"Official Demand for U.S. Debt: Implications for U.S. Real Rates"
How big is the impact of official investors on long-term yields? We estimate a structural term-structure model in which arbitrageurs accommodate demand pressures exerted by domestic and foreign official investors. Demand pressures can affect real rates by altering the aggregate price of duration risk, and therefore through changes in the bond risk premia. We find that foreign official demand pressures contributed to reduce US long-term real yields largely in the 2001-08 period, whereas the Fed mainly during the subsequent quantitative easing program. Fed pressures arise not only from the expansion of the Fed's balance sheet, but also from the extension of its maturity profile while keeping its size constant.
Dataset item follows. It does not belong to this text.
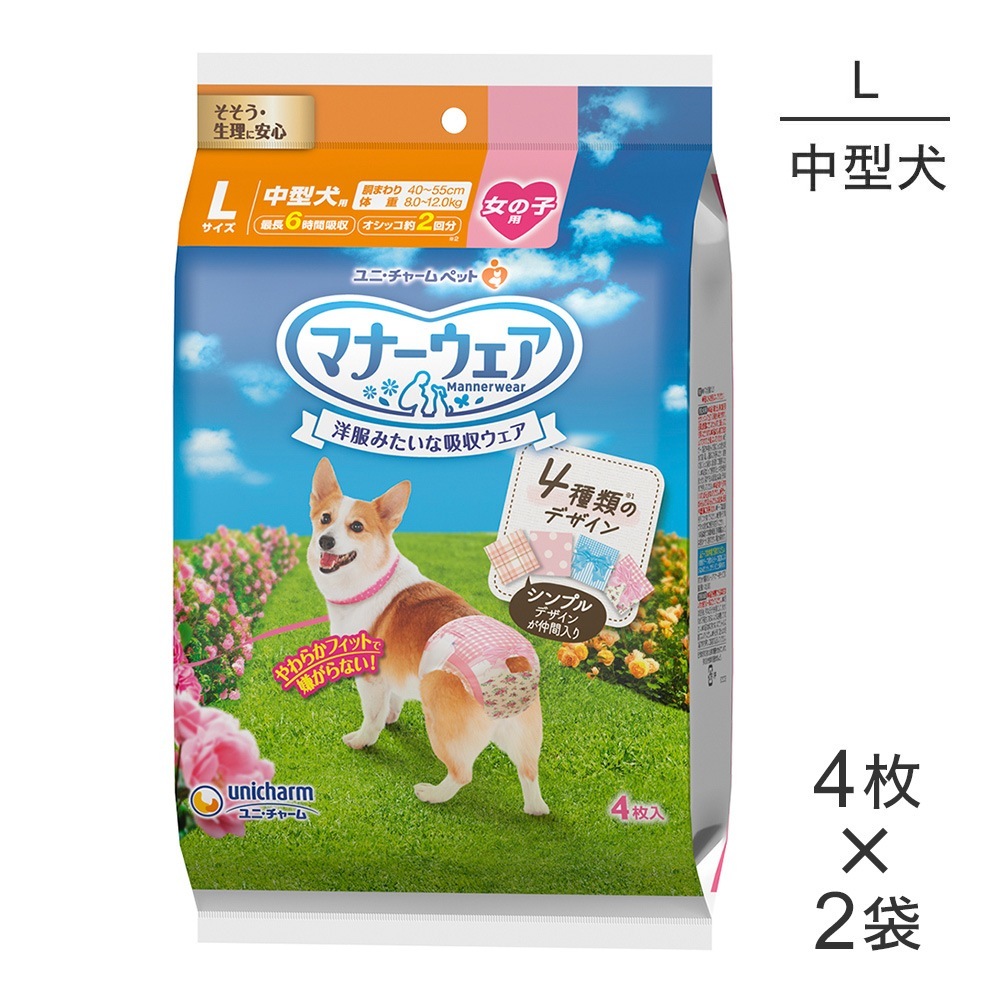 ��4���2�ޡۥ�ˡ����㡼�� �ޥʡ������� ���λ��� L������ �淿���� 4��Υǥ�����ѥå� ����� (�����ɥå�)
Iryna Kaminska is an Adviser in the Monetary Analysis Directorate of the Bank of England. She has previously worked at the International Monetary Fund (2011-2014) and in the Financial Stability area of the Bank (2009-2011). Iryna received her PhD in Economics from Bocconi University (Milano), analyzing jointly term structure of interest rates and macro-economic dynamics. Her more recent research interests are in the areas of empirical asset pricing, monetary policy (in particular, unconventional monetary policy), and international finance. Iryna has published in leading academic journals such as the ‘Journal of Econometrics’ , ‘Review of Finance’, ‘Journal of Banking and Finance’, ‘Journal of Empirical Finance’ etc.